HOW TO COMPLETE THIS TASK:
Copy out precisely the lines of the material that follows, beginning with the line containing "Sweater Cashmere By" and ending with its last line; exclude pictures.

INFORMATION SHOWN:
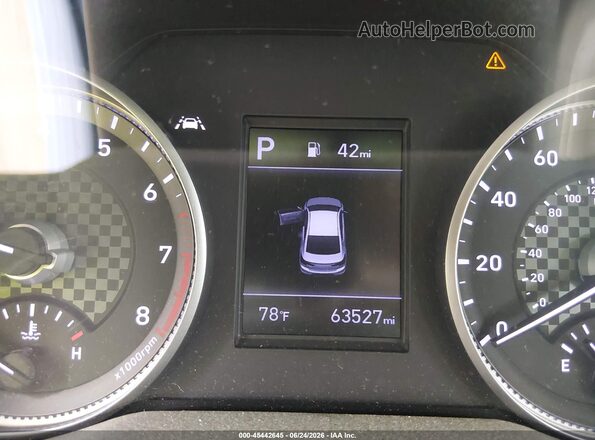 5NPD84LF2KH443323 2019 HYUNDAI ELANTRA Black 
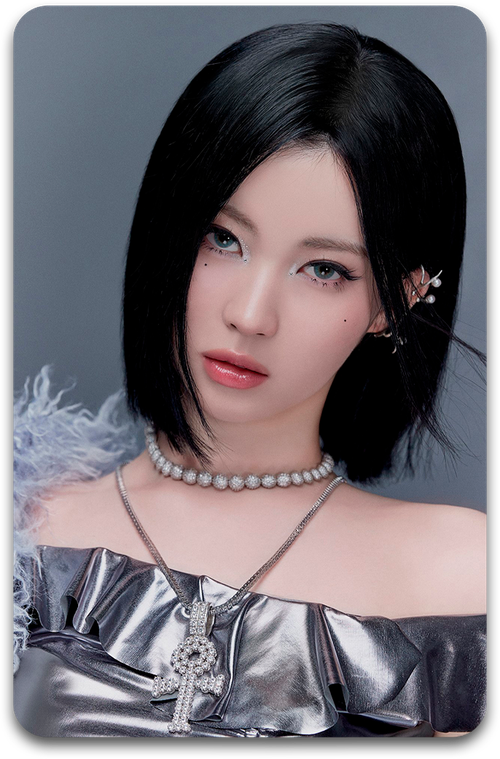 Карта #2917 / ASA (BABYMONSTER)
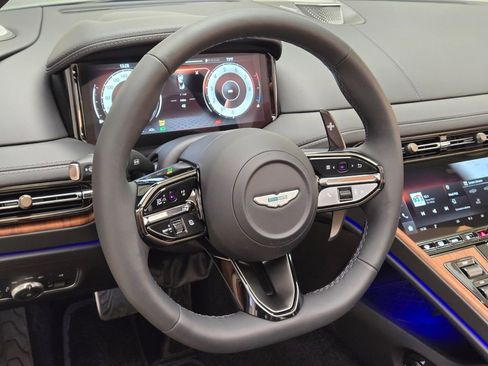 New 2026 Aston Martin DB12 Convertible RWD image 31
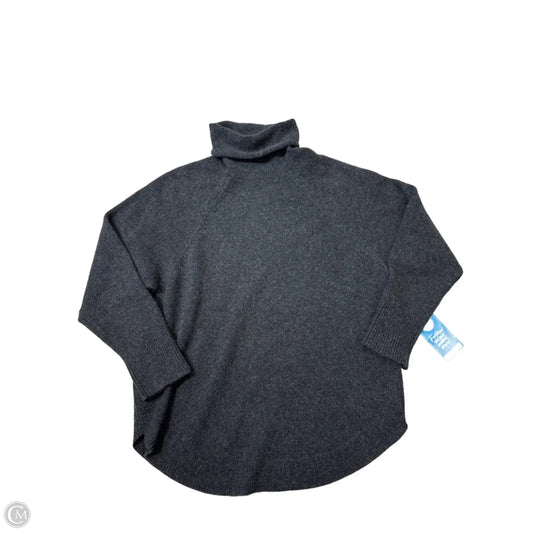 Sweater Cashmere By Lou And Grey In Grey, Size: L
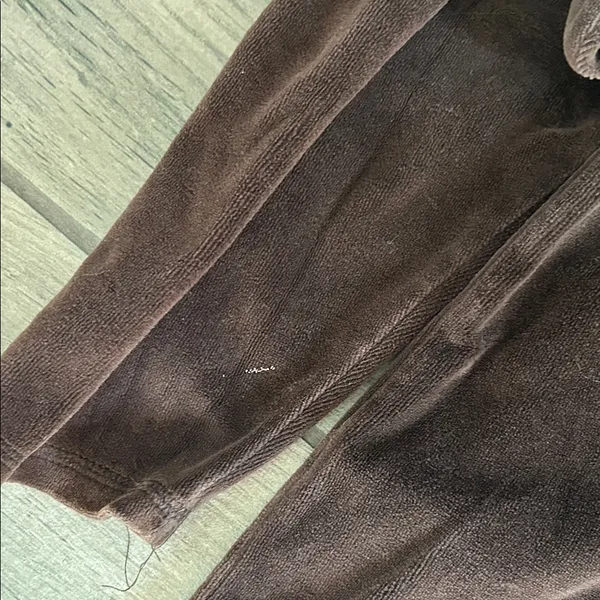 Women's Dark Brown Zip - Image 4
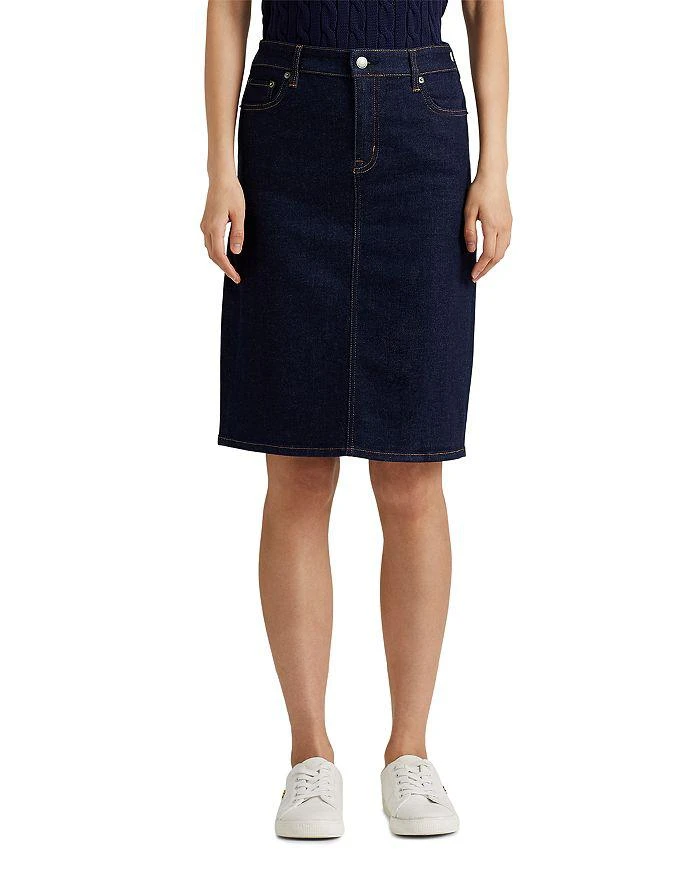 Ralph Lauren Denim Skirt 1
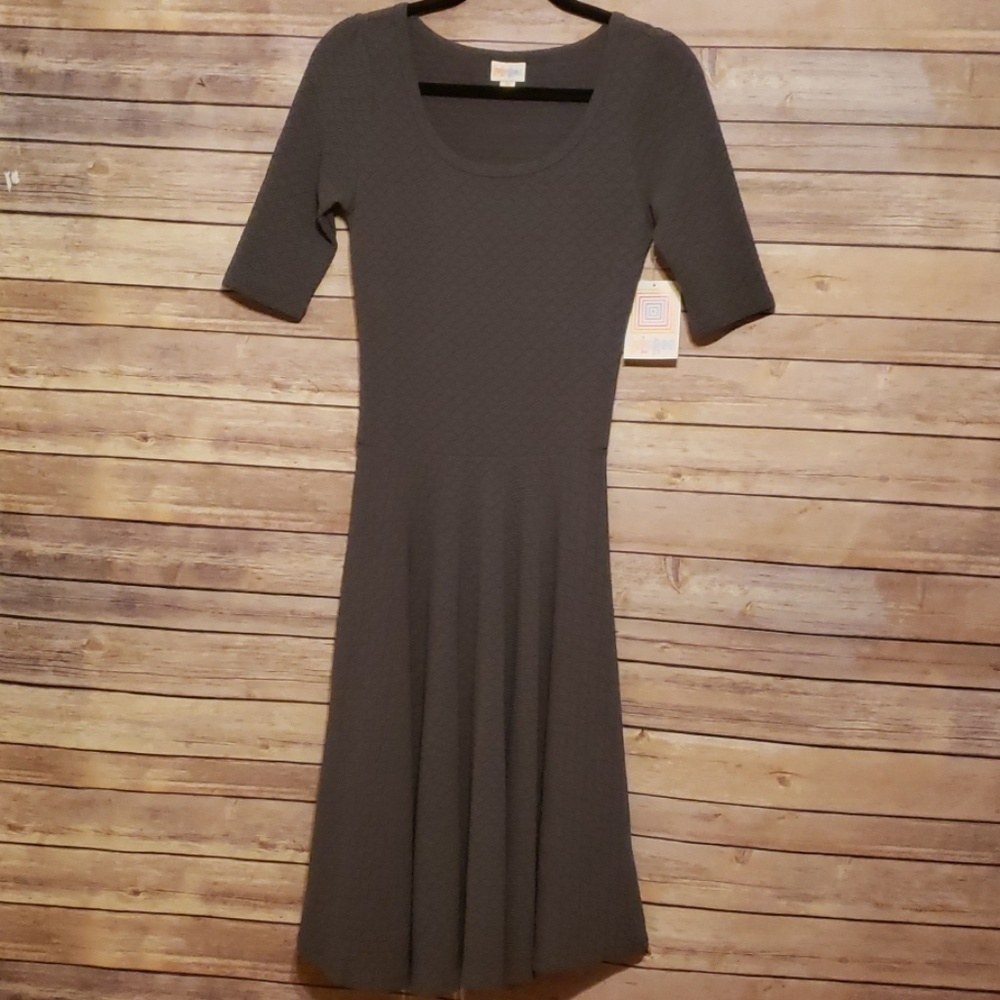 Lularoe Nicole dress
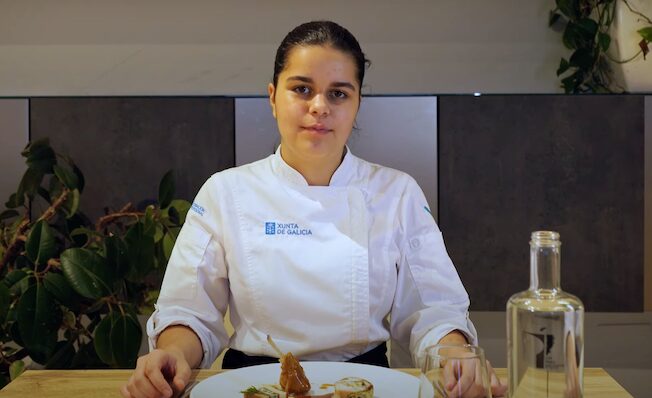 Galicia presente en la gran final del Premio Promesas de la Alta Cocina 2025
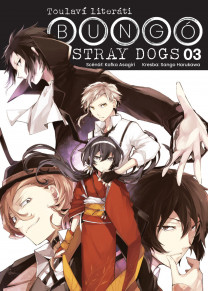 Bungó Stray Dogs - Toulaví literáti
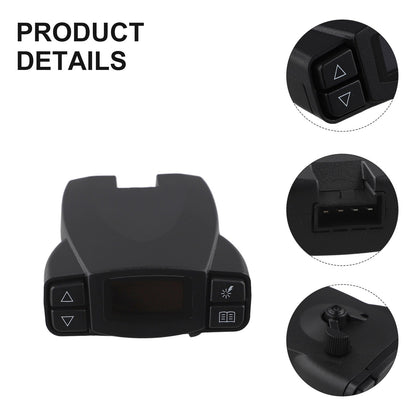 ya 5 8.7 90195 Electric Trailer Brake Control/Module For Tekonsha For P3 For Prodigy//NEW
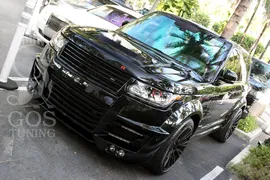 R04-0034 Обвес Range Rover Vogue IV "Lumma Style"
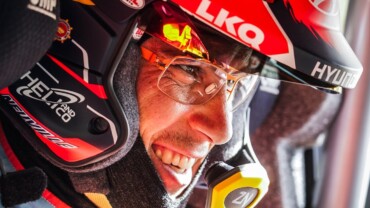 LOS ANOTADOS DEL 3º RALLY CHILE BIOBÍO – WRC1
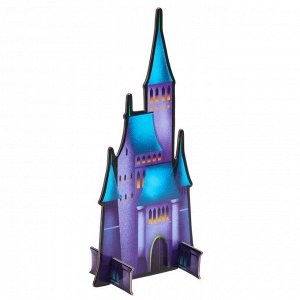 Настольная игра для детей на меткость «Битва магов», 2-4 игроков, 3+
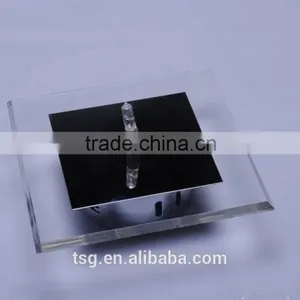 Ar Coating Low Iron Glass With En12150 Certificate thumbnail-1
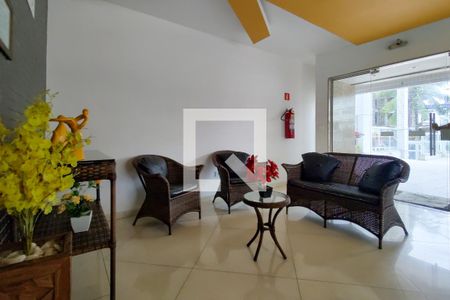 Apartamento para alugar com 48m², 1 quarto e 1 vagaHall de entrada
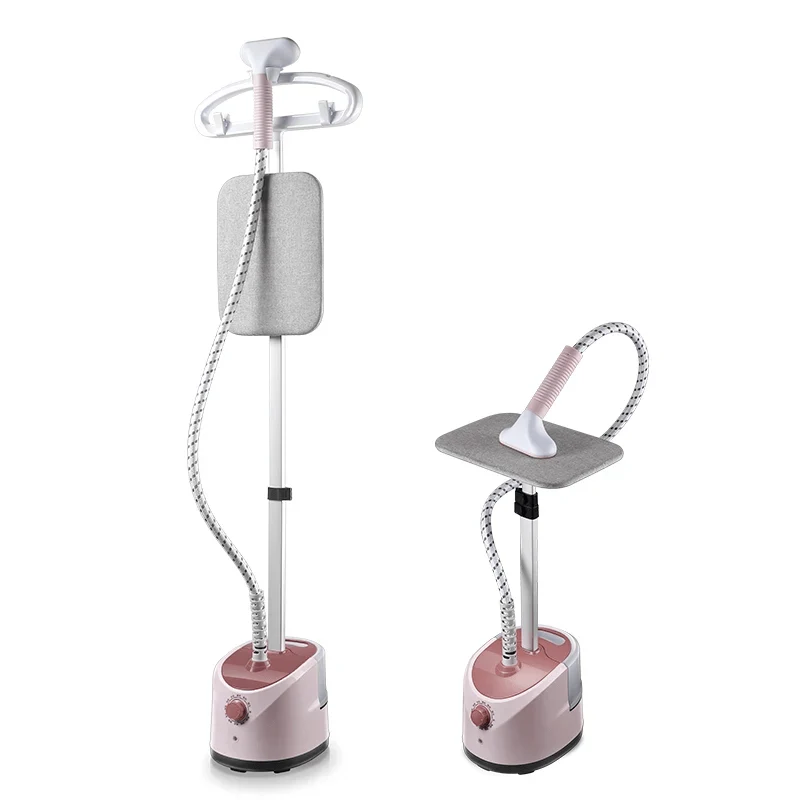 Défroisseur vapeur vertical professionnel - 1800W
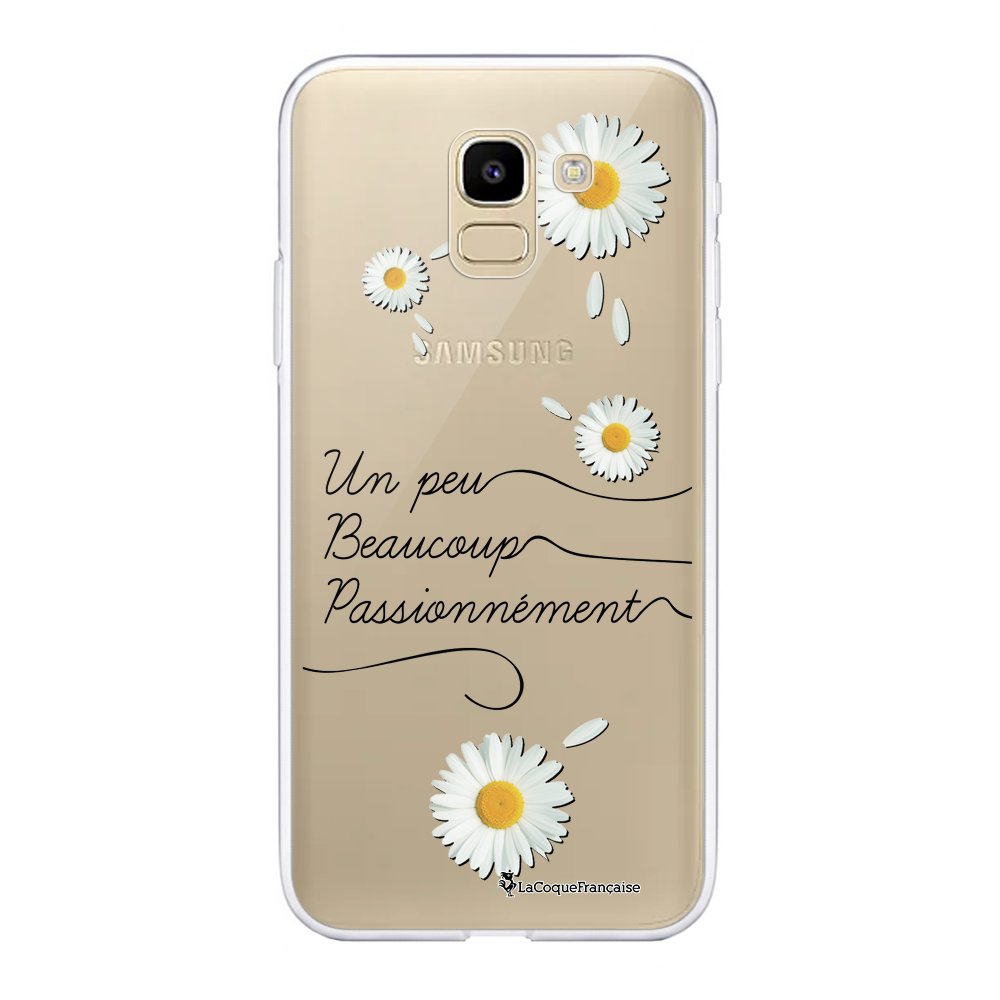 coque samsung j6 2018 personnalisée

RESPONSE BELOW:
 Sweater Cashmere By Lou And Grey In Grey, Size: L
 Women's Dark Brown Zip - Image 4
 Ralph Lauren Denim Skirt 1
 Lularoe Nicole dress
 Galicia presente en la gran final del Premio Promesas de la Alta Cocina 2025
 Bungó Stray Dogs - Toulaví literáti
 ya 5 8.7 90195 Electric Trailer Brake Control/Module For Tekonsha For P3 For Prodigy//NEW
 R04-0034 Обвес Range Rover Vogue IV "Lumma Style"
 LOS ANOTADOS DEL 3º RALLY CHILE BIOBÍO – WRC1
 Настольная игра для детей на меткость «Битва магов», 2-4 игроков, 3+
 Ar Coating Low Iron Glass With En12150 Certificate thumbnail-1
 Apartamento para alugar com 48m², 1 quarto e 1 vagaHall de entrada
 Défroisseur vapeur vertical professionnel - 1800W
 coque samsung j6 2018 personnalisée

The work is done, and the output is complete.